Error Recovery During Execution Of An Application On A Parallel Computer
    1.
    发明申请
    Error Recovery During Execution Of An Application On A Parallel Computer 审中-公开
    在并行计算机上执行应用程序时出现错误恢复

    公开(公告)号:US20100017655A1

    公开(公告)日:2010-01-21

    申请号:US12174312

    申请日:2008-07-16

    IPC分类号: G06F11/08

    CPC分类号: G06F11/1482

    摘要: Methods, apparatus, and products are disclosed for error recovery during execution of an application on a parallel computer that includes a plurality of compute nodes.
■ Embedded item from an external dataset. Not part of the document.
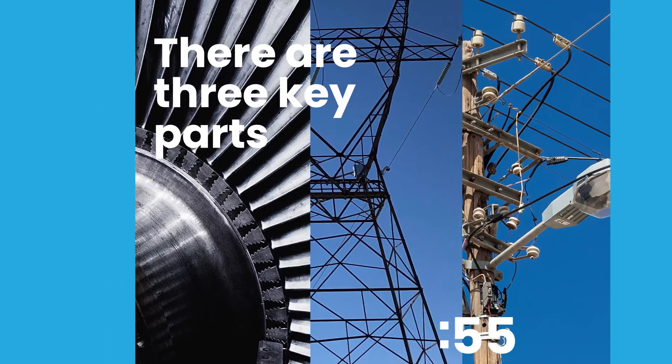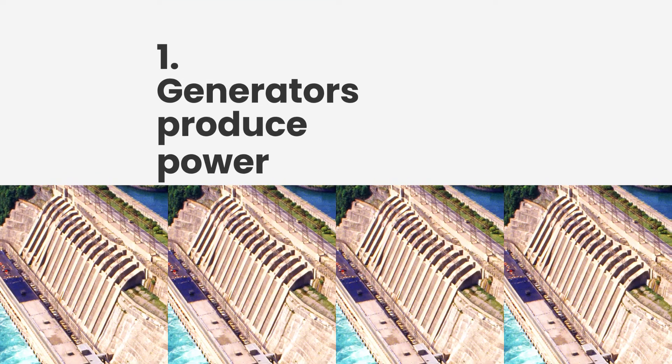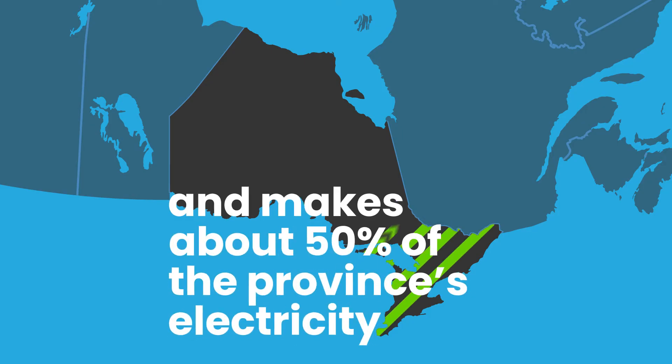There are three key parts to Ontario's electricity system. One: the generators, who produce power. That's like us. Ontario Power Generation, or OPG, is the largest generator. We make about 50% of the province's electricity, mostly from nuclear and hydropower.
Such error recovery includes: storing, by the application during execution on the nodes, application restore data in a restore buffer at predetermined points during execution of the application, the restore data specifying an execution state of the application at one or more points during application execution; encountering, by at least one of the nodes executing the application, a recoverable error during application execution; determining, by the application, the nodes affected by the recoverable error; restarting, by each of the affected nodes, execution of the application; retrieving, by the restarted application executing on each of the affected nodes, the restore data from the restore buffer; and continuing, by each affected node, execution of the application with the execution state specified by the retrieved restore data.
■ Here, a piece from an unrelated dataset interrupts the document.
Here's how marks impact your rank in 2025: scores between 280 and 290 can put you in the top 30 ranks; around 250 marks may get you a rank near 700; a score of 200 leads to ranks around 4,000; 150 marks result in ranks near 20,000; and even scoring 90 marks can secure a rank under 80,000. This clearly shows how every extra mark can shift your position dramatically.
    摘要翻译: 公开了在包括多个计算节点的并行计算机上的应用执行期间进行错误恢复的方法,装置和产品。 这种错误恢复包括:在执行期间由应用程序在应用程序执行期间将应用程序存储在恢复缓冲区中的应用程序执行期间的预定点处,恢复数据在应用程序执行期间的一个或多个点指定应用程序的执行状态 ; 由执行应用程序的至少一个节点遇到应用程序执行期间的可恢复错误; 由应用程序确定受可恢复错误影响的节点; 由每个受影响的节点重新启动应用程序的执行; 通过在每个受影响的节点上执行的重新启动的应用程序从还原缓冲器检索恢复数据; 并且由每个受影响的节点继续执行具有由所检索的恢复数据指定的执行状态的应用。